Stored entries

BEGIN

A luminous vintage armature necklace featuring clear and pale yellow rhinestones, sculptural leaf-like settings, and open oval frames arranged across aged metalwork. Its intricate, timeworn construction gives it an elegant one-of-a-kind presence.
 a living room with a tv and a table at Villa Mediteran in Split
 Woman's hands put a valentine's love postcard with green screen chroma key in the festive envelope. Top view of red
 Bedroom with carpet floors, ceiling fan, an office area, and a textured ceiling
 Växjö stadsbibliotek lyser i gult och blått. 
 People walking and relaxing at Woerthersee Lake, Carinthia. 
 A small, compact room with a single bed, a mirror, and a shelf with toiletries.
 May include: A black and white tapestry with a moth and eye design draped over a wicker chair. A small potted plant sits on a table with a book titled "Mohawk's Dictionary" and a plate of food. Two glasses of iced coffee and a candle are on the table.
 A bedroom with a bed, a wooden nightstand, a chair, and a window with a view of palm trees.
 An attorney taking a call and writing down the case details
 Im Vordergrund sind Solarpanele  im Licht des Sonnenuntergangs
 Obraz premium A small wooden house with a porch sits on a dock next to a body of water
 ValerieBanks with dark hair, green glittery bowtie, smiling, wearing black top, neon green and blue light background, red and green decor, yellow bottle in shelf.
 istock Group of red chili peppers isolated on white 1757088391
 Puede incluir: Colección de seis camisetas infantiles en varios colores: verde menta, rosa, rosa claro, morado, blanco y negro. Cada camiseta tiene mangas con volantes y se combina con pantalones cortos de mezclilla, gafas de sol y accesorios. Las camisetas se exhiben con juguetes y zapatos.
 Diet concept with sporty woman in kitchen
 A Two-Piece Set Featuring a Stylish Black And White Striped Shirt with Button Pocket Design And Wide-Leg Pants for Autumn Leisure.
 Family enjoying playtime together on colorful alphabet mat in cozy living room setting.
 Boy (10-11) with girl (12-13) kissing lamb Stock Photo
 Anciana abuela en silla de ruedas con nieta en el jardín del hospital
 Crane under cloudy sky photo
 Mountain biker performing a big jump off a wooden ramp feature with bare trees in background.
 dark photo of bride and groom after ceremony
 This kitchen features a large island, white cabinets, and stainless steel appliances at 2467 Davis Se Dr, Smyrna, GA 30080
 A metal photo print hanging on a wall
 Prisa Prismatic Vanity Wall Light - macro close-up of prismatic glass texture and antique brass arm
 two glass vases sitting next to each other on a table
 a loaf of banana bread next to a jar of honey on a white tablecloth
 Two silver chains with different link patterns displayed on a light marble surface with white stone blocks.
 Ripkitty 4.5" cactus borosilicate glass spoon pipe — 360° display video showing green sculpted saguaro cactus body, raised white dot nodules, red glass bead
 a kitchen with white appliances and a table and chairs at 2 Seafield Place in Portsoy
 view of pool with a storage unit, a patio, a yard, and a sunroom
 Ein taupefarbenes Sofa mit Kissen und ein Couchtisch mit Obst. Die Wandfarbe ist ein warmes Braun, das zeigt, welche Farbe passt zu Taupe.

END

» Task to carry out:
Filter the records above down to the lines that hold the string "green".

» Your response:
 Woman's hands put a valentine's love postcard with green screen chroma key in the festive envelope. Top view of red
 ValerieBanks with dark hair, green glittery bowtie, smiling, wearing black top, neon green and blue light background, red and green decor, yellow bottle in shelf.
 Ripkitty 4.5" cactus borosilicate glass spoon pipe — 360° display video showing green sculpted saguaro cactus body, raised white dot nodules, red glass bead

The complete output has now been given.